Comments 14: Some datasets showed high variability in the expression level of VDUP1. Once again, harmonization of the measurement techniques or studies on more homogeneous populations of samples will help reduce this variability.

Response 14: We appreciate your opinion on considering the environmental factors for experimental animals. We have carefully considered your feedback. In this study, we have utilized public data from TCGA, GEO, and cBioPortal to derive objective and reliable analysis results. We will incorporate your suggestions and strive to analyze all possible techniques and cohorts in future research.

Comments 15: The study did not fully account for the potential confounding factors of genetic background in mice or environmental factors that may have impacted the results. Controls for these variables would provide better insight into the data. 

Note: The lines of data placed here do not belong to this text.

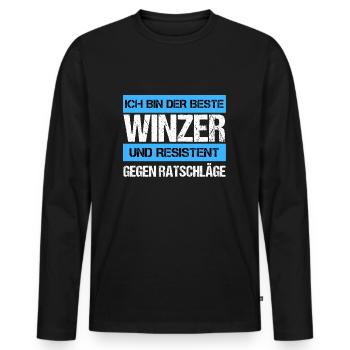Vigneron résistant - T-shirt manches longues Premium bio Homme - noir - Devant - Nico (187cm)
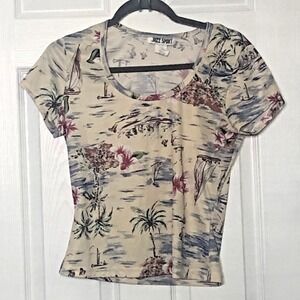 Vintage Jazz Sport Tropical Beach Scene Tee Large Palm Tree Hawaiian USA Made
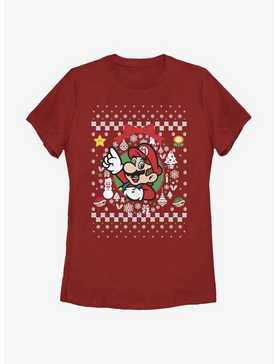Nintendo Super Mario Wreath Mario Christmas Pattern Womens T-Shirt, , hi-res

Response 15: We appreciate your opinion regarding potential confounding factors of genetic background in mice or environmental factors. We have maintained the highest standards in the management of laboratory animals regarding environmental factors, but the potential results derived from the genetic background of the VDUP1 KO mice have not yet been fully elucidated. Therefore, we will actively incorporate your feedback and strive to provide a thorough understanding of the possible variations due to genetic background in future research.